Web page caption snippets

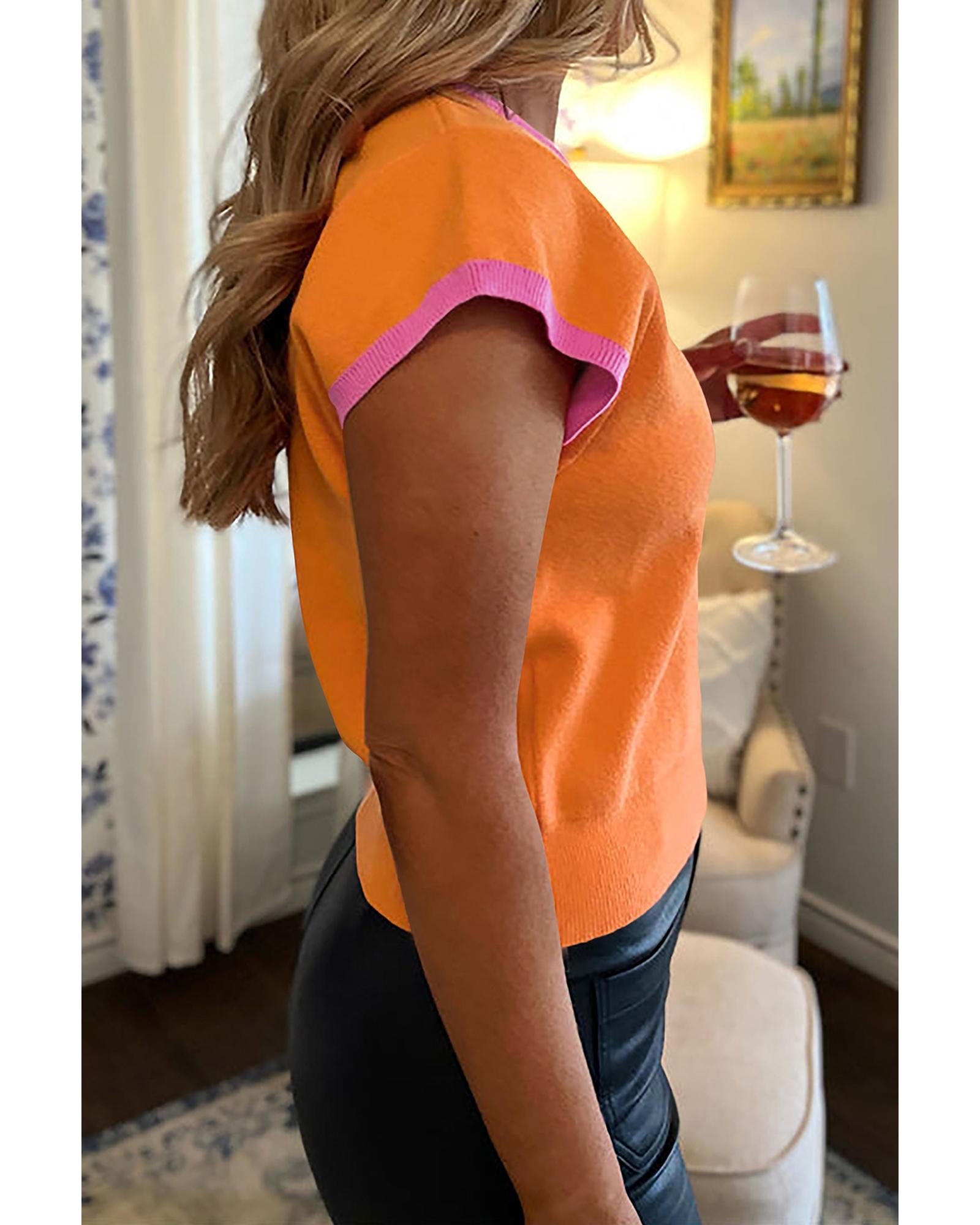 Flamingo 2-tone Color Block Knit Cap Sleeve Sweater Top - M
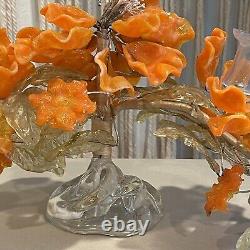 Vintage Venetian Murano Glass Orange Flower Candlestick Holder Art Deco Decor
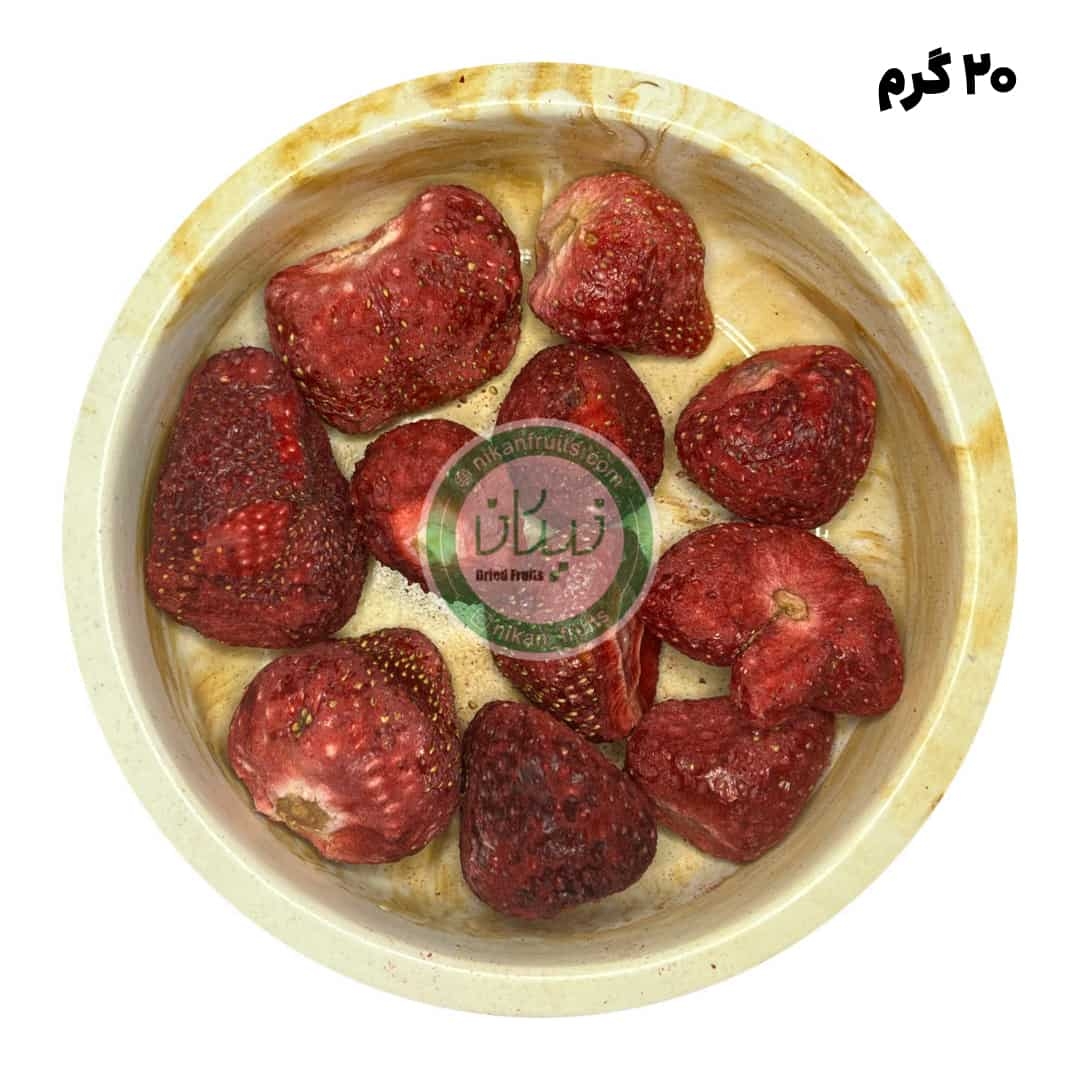  توت فرنگی خشک پفکی نیکان 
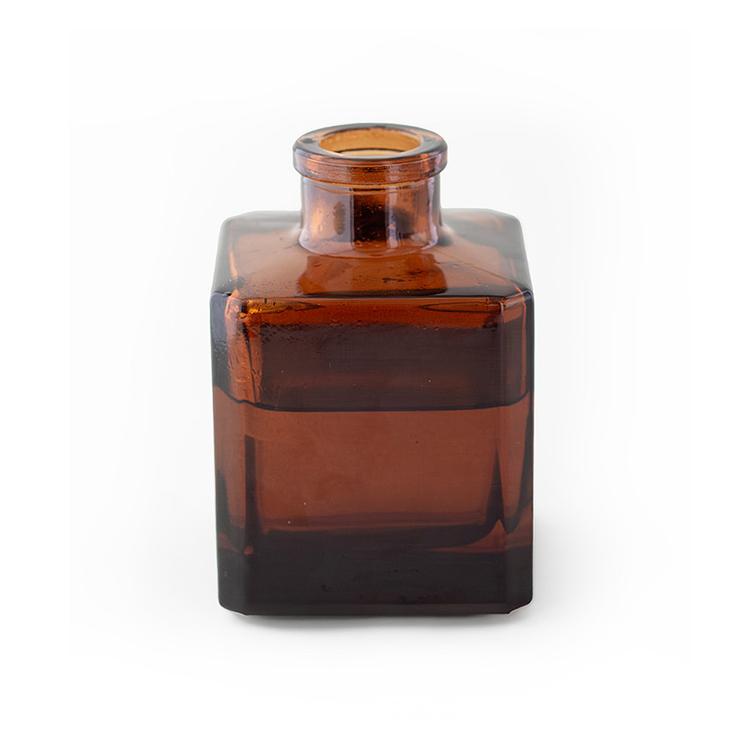 Amber Cube Reed Diffuser Bottle on a white background without a stopper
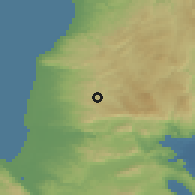 Shaded relief of the 55 km around Kefar Weradim, drawn from the GMTED2010 grid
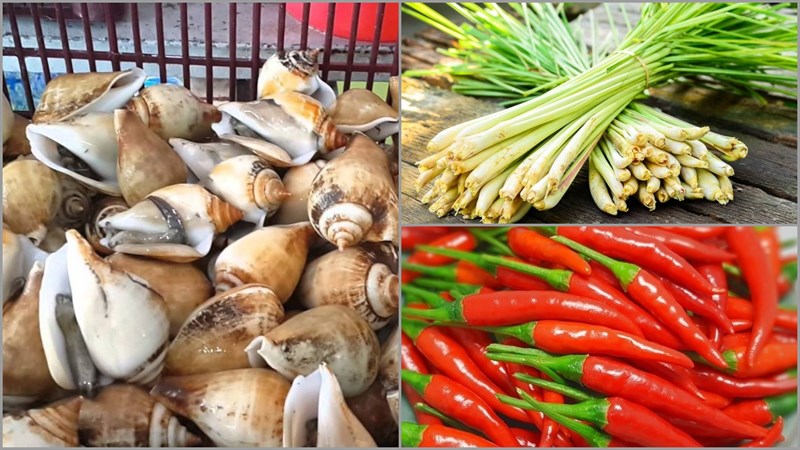 Nguyên liệu món ăn ốc nhảy hấp sả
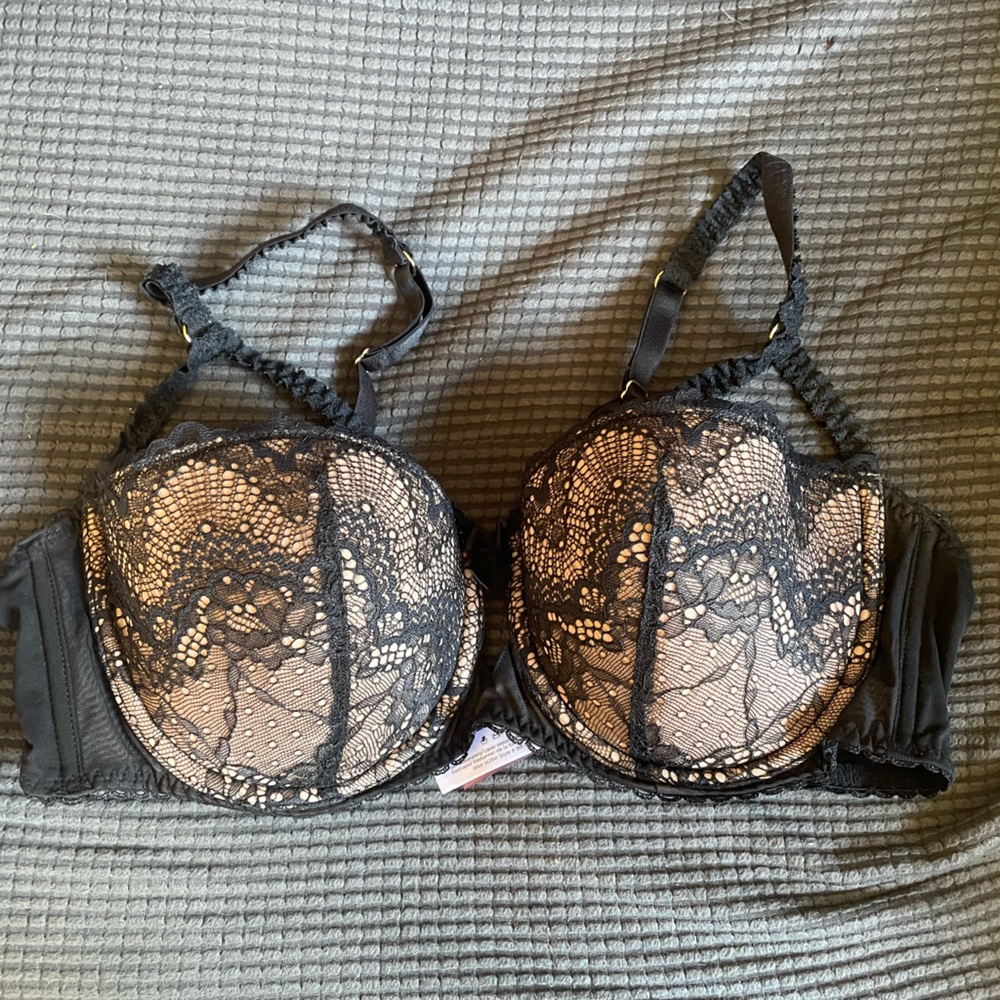 AdoreMe black and nude lacy bra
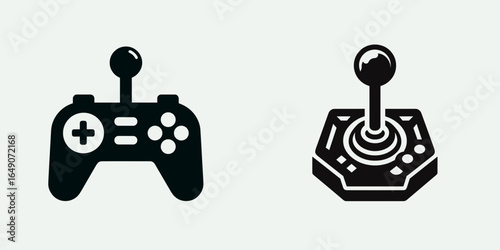Joystick. Retro Vintage Line Art Clipart Silhouette Vector Illustration. Game control hand grip player input device for virtual recreation on screen.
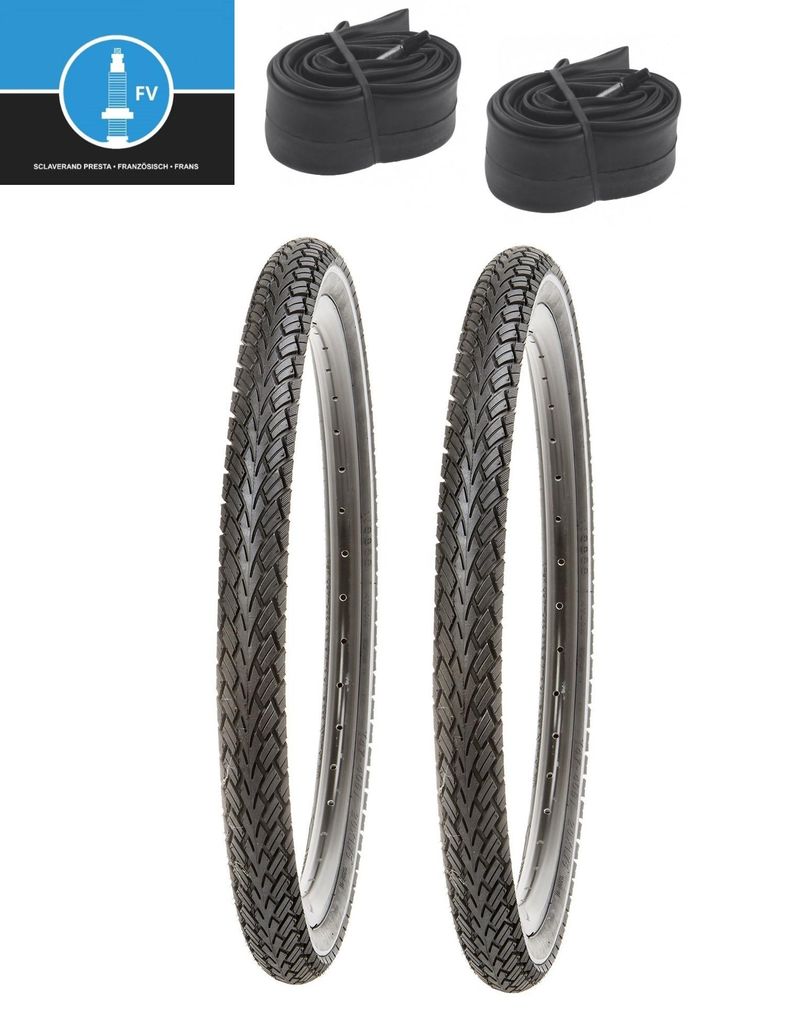 2 x Fahrradreifen 28 x 1,40 Zoll 37-622 (700x35C) SET KUJO inkl. 2 x SV (FV) Schlauch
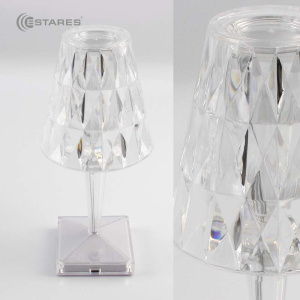 Настольный светодиодный светильник CRYSTAL 3W R-ON/OFF-115x255-CLEAR/WHITE-DC5V/1A-IP20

- **Task brief**:
Please return the records as they stand, word for word, with no pictures.

- **Response**:
 Flamingo 2-tone Color Block Knit Cap Sleeve Sweater Top - M
 Vintage Venetian Murano Glass Orange Flower Candlestick Holder Art Deco Decor
  توت فرنگی خشک پفکی نیکان 
 Amber Cube Reed Diffuser Bottle on a white background without a stopper
 Shaded relief of the 55 km around Kefar Weradim, drawn from the GMTED2010 grid
 Nguyên liệu món ăn ốc nhảy hấp sả
 AdoreMe black and nude lacy bra
Joystick. Retro Vintage Line Art Clipart Silhouette Vector Illustration. Game control hand grip player input device for virtual recreation on screen.
 2 x Fahrradreifen 28 x 1,40 Zoll 37-622 (700x35C) SET KUJO inkl. 2 x SV (FV) Schlauch
 Настольный светодиодный светильник CRYSTAL 3W R-ON/OFF-115x255-CLEAR/WHITE-DC5V/1A-IP20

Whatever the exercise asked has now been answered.